As I previously explained, Maryland, like most states, taxes residents on both their in-state and out-of-state income and also taxes nonresidents on their in-state income. Unlike most states, which offer a full credit for income taxes that residents pay to other states on their out-of-state income (up to the amount of taxes the residents owe at home on the out-of-state income), Maryland allows only a partial credit. Maryland’s system forces residents to pay a minimum tax at home on their out-of-state income, no matter how heavily that income has been taxed by other states.
Brian and Karen Wynne challenged Maryland’s tax scheme as a form of double taxation, complaining that Maryland was taxing income that other states had already taxed. As Maryland pointed out, though, the Wynnes’ argument did not justify the remedy they were seeking. If two states exercising their legitimate tax powers happen to tax the same transaction, why should either of them have to give way? And who would decide which state should be the one to step aside?
The real problem with Maryland’s tax system is not double taxation, but its discrimination against interstate commerce. Economic neutrality toward interstate commerce requires that a state’scombined tax burden on the two interstate income flows – nonresidents’ in-state income and residents’ out-of-state income – be no larger than the state’s tax burden on residents’ in-state income. Maryland’s tax system flunks that requirement.
Maryland taxes all three types of income at similar rates, which makes the combined burden on the two interstate income flows roughly double the burden on residents’ in-state income. To eliminate this discrimination against interstate income, Maryland would need to stop taxing one of the two interstate income flows (or tax both of them at lower rates than residents’ in-state incomes). While even a full credit for out-of-state taxes would not fully eliminate the problem, it would greatly reduce the discrimination and it would put Maryland in line with other states’ policies. But, Maryland’s only effort to alleviate the discrimination is its partial credit, which clearly falls short.
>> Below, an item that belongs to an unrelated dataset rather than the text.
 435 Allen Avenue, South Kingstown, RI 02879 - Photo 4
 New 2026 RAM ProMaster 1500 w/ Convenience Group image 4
Calling the economic analysis in our brief and the Knoll-Mason brief “undisputed,” Justice Samuel Alito homed in on the key economic issue of discrimination. In an opinion joined by Chief Justice John Roberts and Justices Anthony Kennedy, Stephen Breyer, and Sonia Sotomayor, Justice Alito found that Maryland’s tax system was discriminatory because it was internally inconsistent – if every state copied its tax system, interstate income would face higher tax burdens than intrastate income. As the two briefs pointed out, this internal consistency test is a convenient short-cut for looking at the combined tax burden that goes into the economic neutrality condition. Justice Alito emphasized the distinction between “discriminatory tax schemes,” which are unconstitutional, and “double taxation that results only from the interaction of two different but nondiscriminatory tax schemes,” which is constitutional. Because Maryland’s tax scheme fell into the former category, it had to be struck down.
The threat of state tax discrimination against interstate commerce may never go away. But, the Wynne ruling strengthens the constitutional guarantee of free interstate trade and helps protect the nationwide flows of labor, capital, goods, and services on which our national prosperity depends.